Physiological evidences that visual attention is based on predictions

Martin Rolfs, Martin Szinte, Remapping Attention Pointers: Linking Physiology and Behavior, Trends in Cognitive Sciences, Volume 20, Issue 6, 2016, Pages 399-401, ISSN 1364-6613, DOI: 10.1016/j.tics.2016.04.003.

Our eyes rapidly scan visual scenes, displacing the projection on the retina with every move. Yet these frequent retinal image shifts do not appear to hamper vision. Two recent physiological studies shed new light on the role of attention in visual processing across saccadic eye movements.

A gentle introduction to Box-Particle Filters

A. Gning, B. Ristic, L. Mihaylova and F. Abdallah, An Introduction to Box Particle Filtering [Lecture Notes], in IEEE Signal Processing Magazine, vol. 30, no. 4, pp. 166-171, July 2013. DOI: 10.1109/MSP.2013.225460.

Resulting from the synergy between the sequential Monte Carlo (SMC) method [1] and interval analysis [2], box particle filtering is an approach that has recently emerged [3] and is aimed at solving a general class of nonlinear filtering problems.
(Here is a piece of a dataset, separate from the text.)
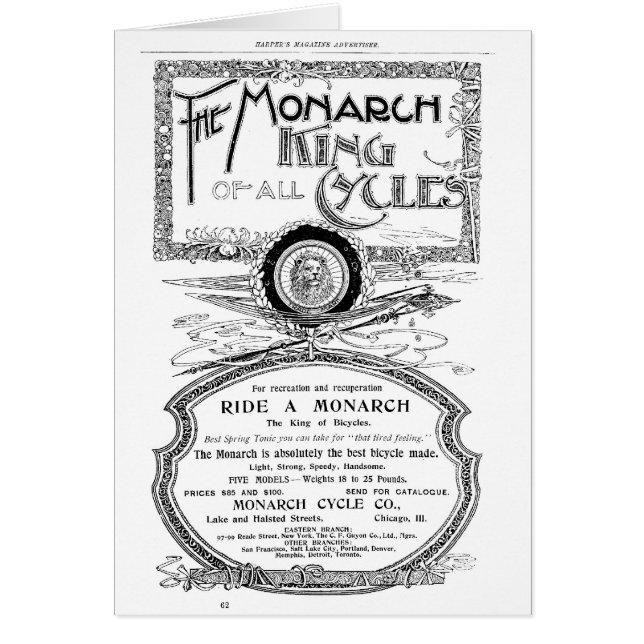 Der Monarch König aller Zyklen (Vorne)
This approach is particularly appealing in practical situations involving imprecise stochastic measurements that result in very broad posterior densities. It relies on the concept of a box particle that occupies a small and controllable rectangular region having a nonzero volume in the state space. Key advantages of the box particle filter (box-PF) against the standard particle filter (PF) are its reduced computational complexity and its suitability for distributed filtering. Indeed, in some applications where the sampling importance resampling (SIR) PF may require thousands of particles to achieve accurate and reliable performance, the box-PF can reach the same level of accuracy with just a few dozen box particles. Recent developments [4] also show that a box-PF can be interpreted as a Bayes? filter approximation allowing the application of box-PF to challenging target tracking problems [5].